• [Work instruction]
Write out exactly the lines below starting at the one containing "loya_make_up" and ending at the one containing "Путин: не допустить". Omit every picture.

• [The data]
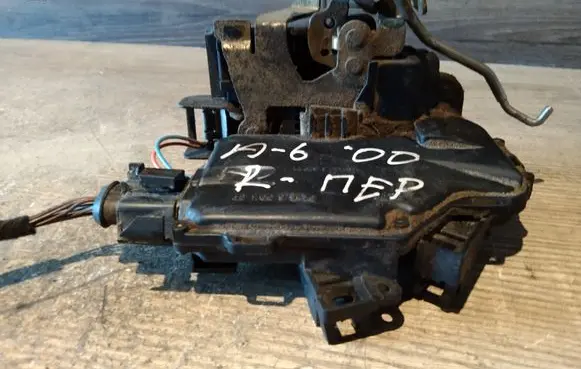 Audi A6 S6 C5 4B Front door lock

==

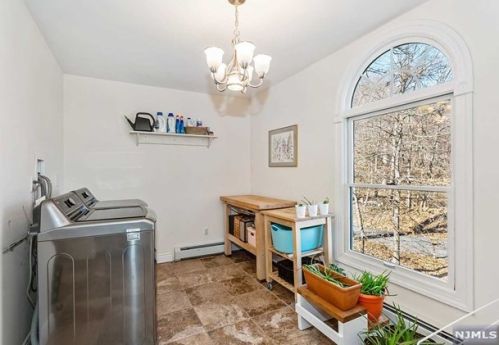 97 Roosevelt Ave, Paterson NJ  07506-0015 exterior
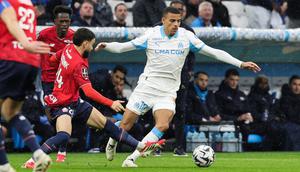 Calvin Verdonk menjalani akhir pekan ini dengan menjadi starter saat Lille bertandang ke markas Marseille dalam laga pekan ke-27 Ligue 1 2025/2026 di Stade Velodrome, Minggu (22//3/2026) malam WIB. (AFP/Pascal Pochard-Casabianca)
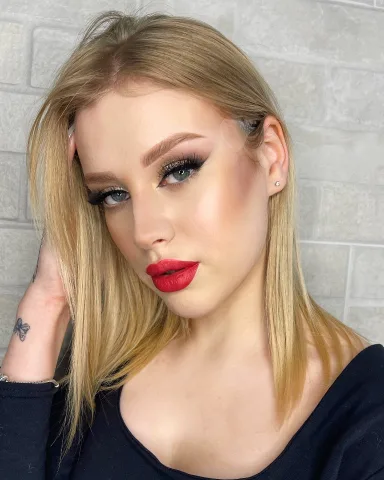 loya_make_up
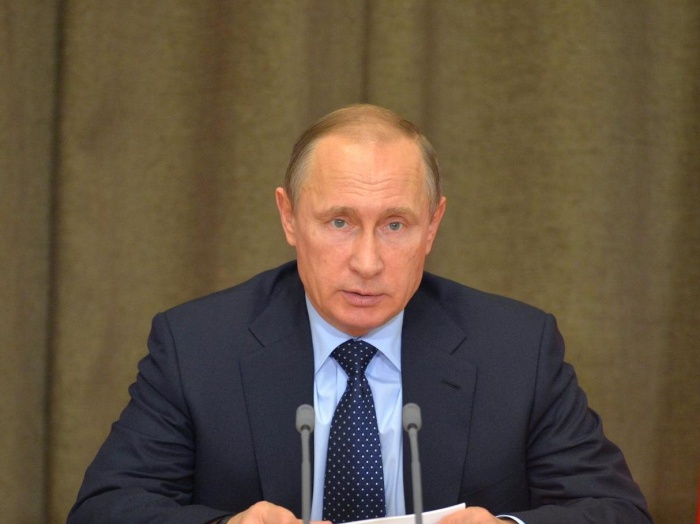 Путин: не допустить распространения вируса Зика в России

---

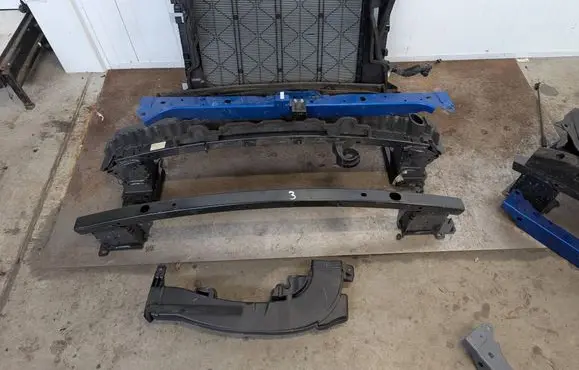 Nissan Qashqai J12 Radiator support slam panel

• [Written answer]
 loya_make_up
 Путин: не допустить распространения вируса Зика в России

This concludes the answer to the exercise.